I have seen some of his instruments over the years, but I have made it my policy not to comment directly on a public forum about the work of individual makers as what I am looking for in an instrument may not be the same as other people and perhaps any unfavourable comments from me might unfairly put potential customers off, which I wouldn't want to do.  

I do, of course, have my own views on his instruments and I am aware that some people seem to be very unhappy both with their dealings with him and with his actual instruments (before the business closed).  I think it is fair to note though that he does also seem to have had a number of satisfied customers judging from comments made on the Cafe. 

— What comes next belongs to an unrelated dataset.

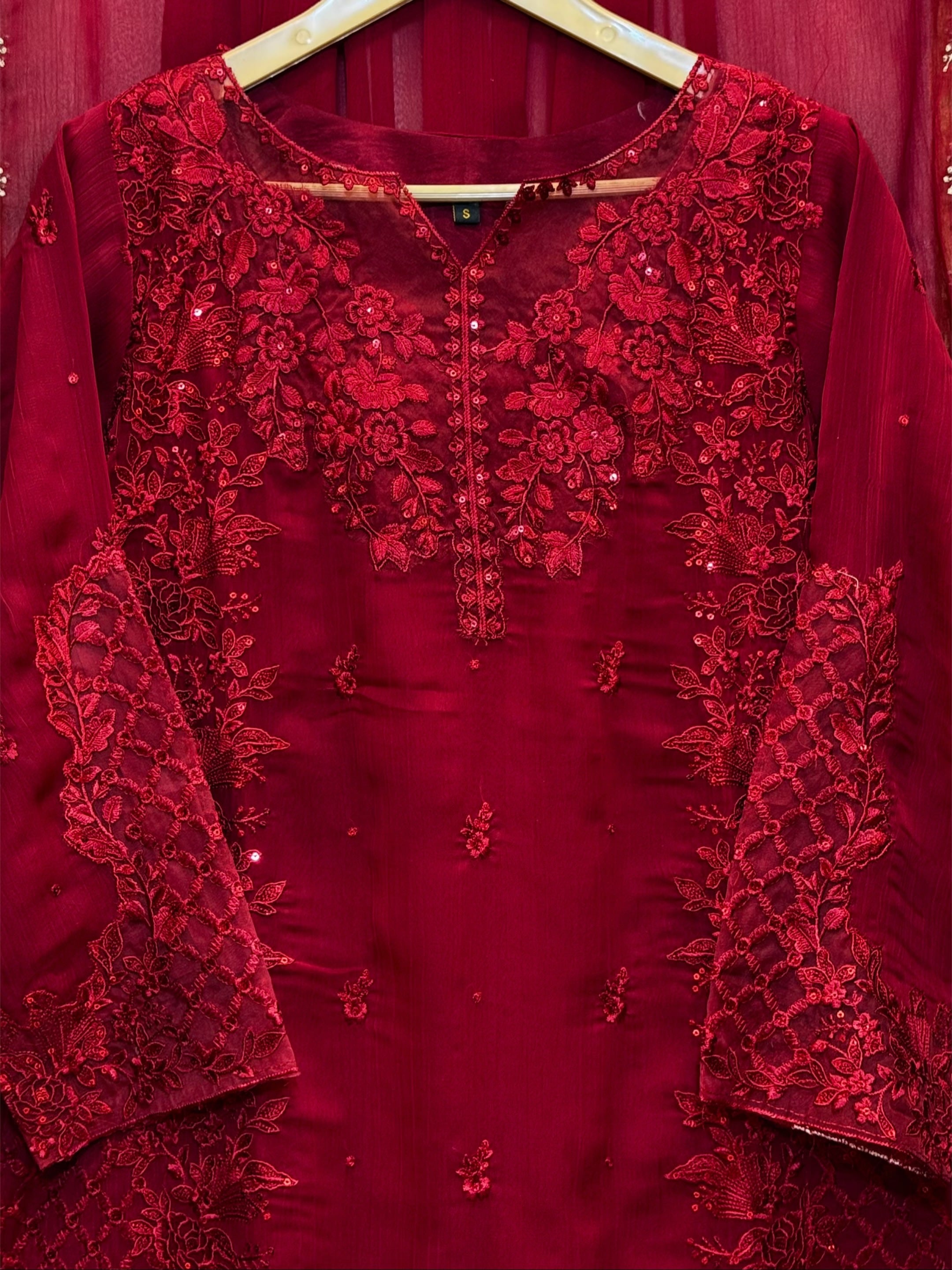 Dhagha Kari – 3Pcs Embroidered Suit | Luxury Threadwork Collection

But I don't have any more information really.  I also don't wish to be seen as 'kicking a man when he's down' when I really have no involvement in this sorry saga.

----------


## Stephen Perry

Pardon me for butting in again, but I wish to reinforce Dagger's points and my own.

First, nobody in Scotland is in any better position than anyone else to check with the cognizant authorities.  It's not really fair to ask others to follow up.  

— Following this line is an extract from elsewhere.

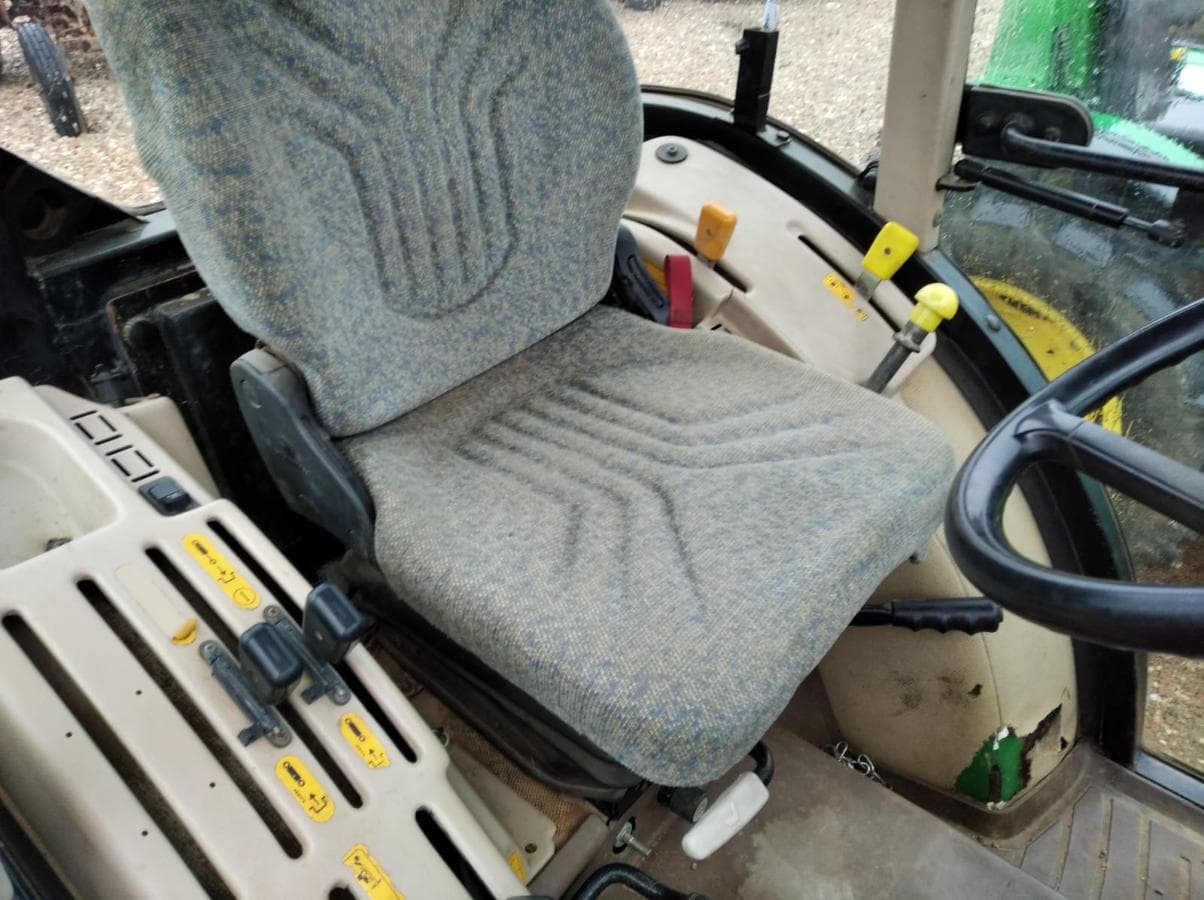 Trator John Deere 5515 — imagem 4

Second, the affected parties have a duty to act if they wish a resolution other than the default.  That action needs to be in the appropriate venue.  This is not the appropriate venue, especially now that the business seems closed.

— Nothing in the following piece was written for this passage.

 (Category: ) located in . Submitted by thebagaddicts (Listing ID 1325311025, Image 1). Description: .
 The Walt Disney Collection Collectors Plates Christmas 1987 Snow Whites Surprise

Finally, the "facts" in this matter are hardly proven, and they cannot be proven here.  This discussion reads more like gossip than a fact-based inquiry.  

Some here have been directing the curious intermeddlers and affected parties to appropriate actions and venues, while suggesting methods of avoiding such problems in the future.  I urge the affected to quietly pursue the real process.  Gossip generally does nothing but muddy the waters and usually ends in hurt feelings all around.

Back to our regularly scheduled programming.  Perhaps it will include real facts about the situation with Freshwater.  It certainly doesn't need to include speculation or gossip, in my assessment.

----------


## Daithio

Is there anyone in the UK who would be interested in checking the register of insolvencies?  It requires a registration, and while the form accepts a long list of countries, it does not recognize American ZIP codes as postal codes. The notion that liquidation happens to limited companies makes me wonder if his email is truthful. Nowhere on his website (I checked cached versions) or on my order receipt was he identified as a limited company.  If we can know that his business has failed then at least we know something.

This is the link:  http://roi.aib.gov.uk/roi/

Thanks

----------


## ccravens

> Gossip generally does nothing but muddy the waters and usually ends in hurt feelings all around.
> 
> Back to our regularly scheduled programming.  Perhaps it will include real facts about the situation with Freshwater.  It certainly doesn't need to include speculation or gossip, in my assessment.



While your idea about the situation is certainly accurate, and I pretty much agree with all you said, don't underestimate the power off letting off some frustration that this forum provides for those who have lost money and/or instruments, or both. After what they've been through, I have no problem with allowing them at least this measure of satisfaction (especially since they may never get anything else!) in blowing off some steam. As long as libelous statements are kept out, I have no problem with it. In what other forum could they discuss shared problems with a specific luthier/businessperson? This forum serves an important function in that respect.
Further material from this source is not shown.